I was writing a singly-linked list in C and cannot understand this following code.

#include <stdlib.h>

typedef struct ListNode {
  int val;
  struct ListNode* next;
} ListNode;

int main() {
  /*Say I allocate this list to say 1->2->3->4->NULL*/
  ListNode* node = malloc(sizeof(ListNode));
  ListNode* n1 = node; // An ordinary pointer
  ListNode* n_heap = malloc(sizeof(ListNode)); // A heap allocated pointer
  n_heap = node->next; // 2->3->4->NULL
  n1->next = NULL;
}

Now from the above example, I had assumed that n_heap to be NULL as well. But even after n1->next = NULL;, n_heap is still 2->3->4->NULL. So is the node->next copied to n_heap? or is it that n_heap now points to the original heap located node->next, and the n1->next now set to NULL? Does this mean node wasn't initially the owner of node->next data?

CodePudding user response：

int main() {
  /*Say I allocate this list to say 1->2->3->4->NULL*/
  ListNode* node = malloc(sizeof(ListNode));

node is a pointer to dynamically allocated data. On a C implementation with a stack / heap distinction, that will be on the heap.
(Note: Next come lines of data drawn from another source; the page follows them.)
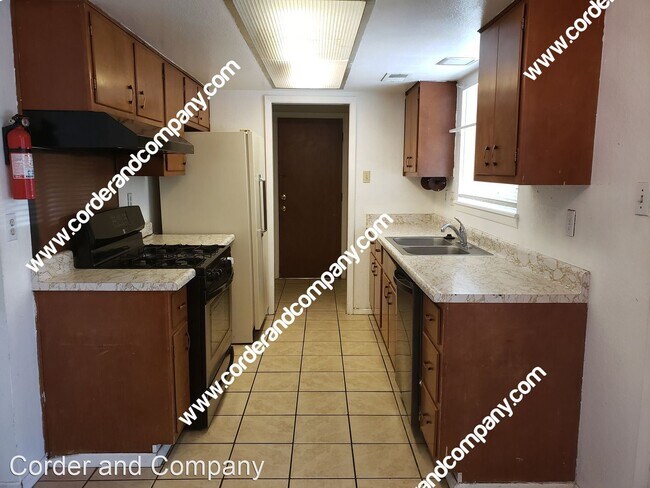 Building Photo - 3 br, 2 bath House - 11632 Nambe Ave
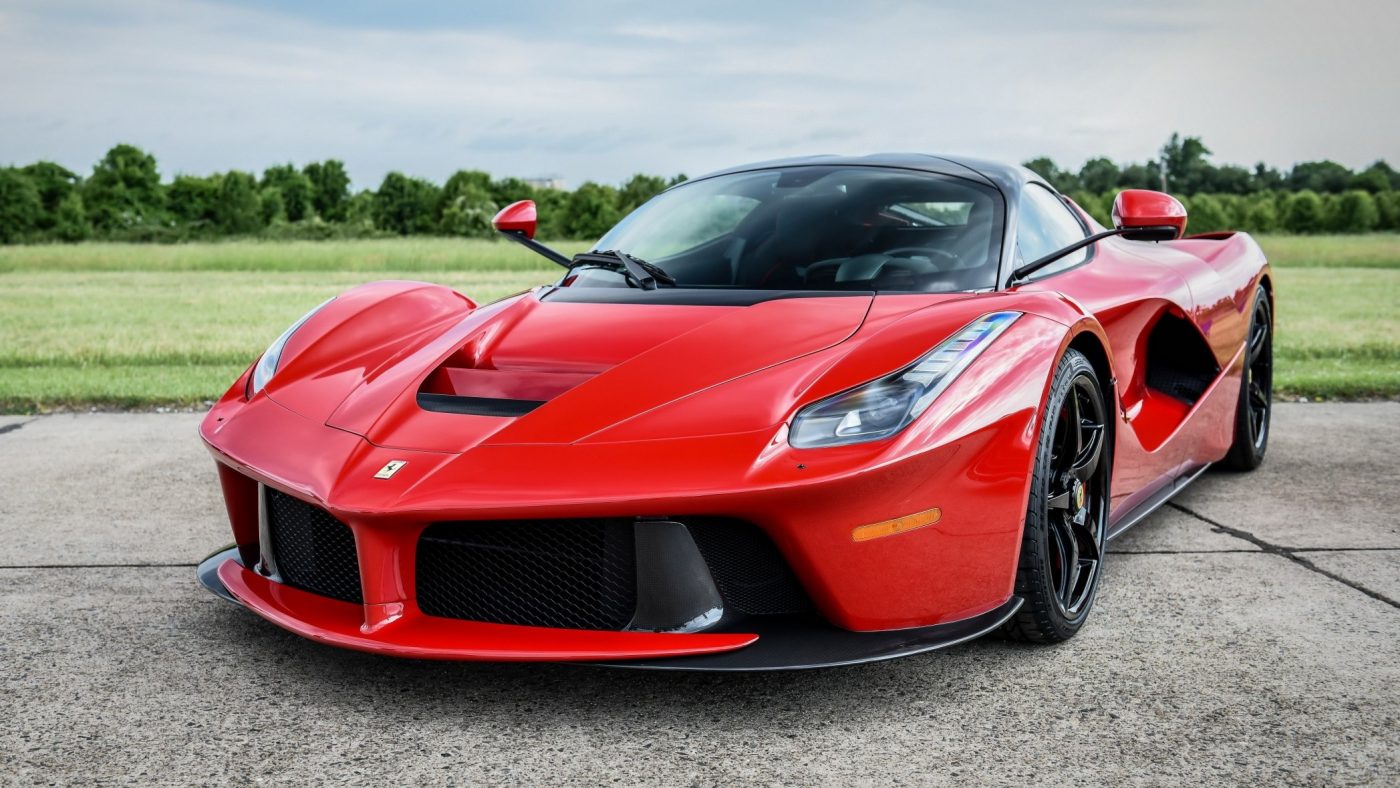 Ferrari-LaFerrari-e1462893341408-1400x788.jpeg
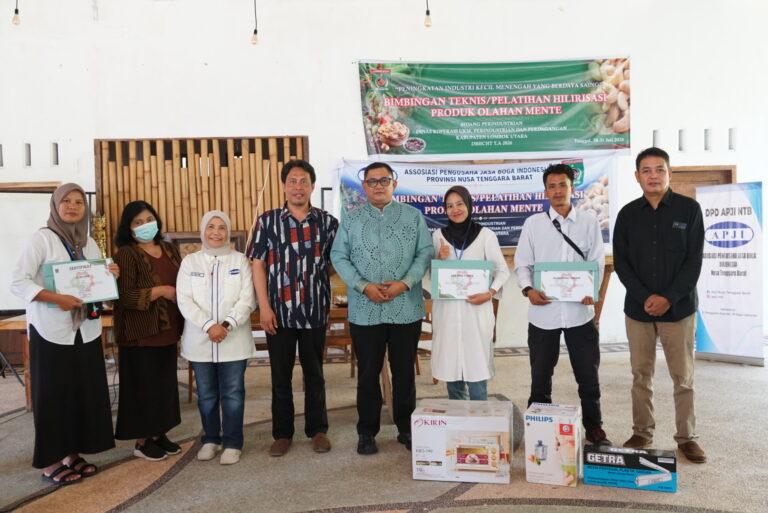 Wabup Kus Tutup Pelatihan Hilirisasi Produk Olahan Mete, Dorong UMKM KLU Terus Berinovasi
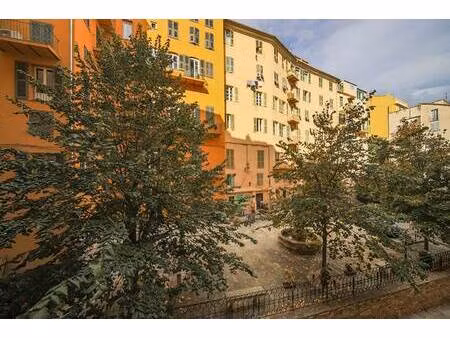 local commercial à louer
  ListNode* n1 = node; // An ordinary pointer

n1 now points to the same dynamically-allocated data that node does. It is no more or less "ordinary" than node is.

  ListNode* n_heap = malloc(sizeof(ListNode)); // A heap allocated pointer

(On success) n_heap points to different dynamically allocated data. The pointer itself has the same scope and storage duration as node and n1, and is exactly as "ordinary" as they are.

  n_heap = node->next; // 2->3->4->NULL

Now the memory to which n_heap previously pointed is leaked, because no pointers to it remain. n_heap points to the same memory that node->next does. Which is the same memory that n1->next does.

  n1->next = NULL;

Now the value of the pointer object accessible as n1->next (and also as node->next) is set to NULL. This has no effect on the data to which that pointer object previously pointed, nor on variable n_heap, which still points to the data in question.

}

Now from the above example, I had assumed that n_heap to be NULL as well. But even after n1->next = NULL;, n_heap is still 2->3->4->NULL.

You are failing to distinguish between pointer objects and the objects to which their values point. Assigning NULL to n1->next sets the value of one pointer object. It does nothing to the object to which the old pointer value pointed. It does nothing to other, distinct points to the same object. And on the other hand, n_heap is not 2->3->4->NULL, It is a pointer distinct from all those nodes, whose value points to the node containing 2.

So is the node->next copied to n_heap?

Yes, that's what an assignment does, but not in the sense I think you mean. Again, assigning n_heap = node->next copies the pointer value stored in node->next to n_heap. Those two distinct pointer objects then both contain values pointing to the same data.

or is it that n_heap now points to the original heap located node->next, and the n1->next now set to NULL?

Yes and no. Again, neither the object designated by n_heap nor the onje designated by node->next contain the data you are describing as 2->3->4->NULL. Instead, they both contain the address of the node containing the first of those values.

Does this mean node wasn't initially the owner of node->next data?

It depends on what you mean by "owner". Certainly neither node nor *node is a container of the data to which node->next points. As the term "owner" is usually applied to pointers, it is about responsibility for freeing the pointed to data, not about storage layout. Responsibility to free is a question of data and control flow in the program, not a property of the data itself.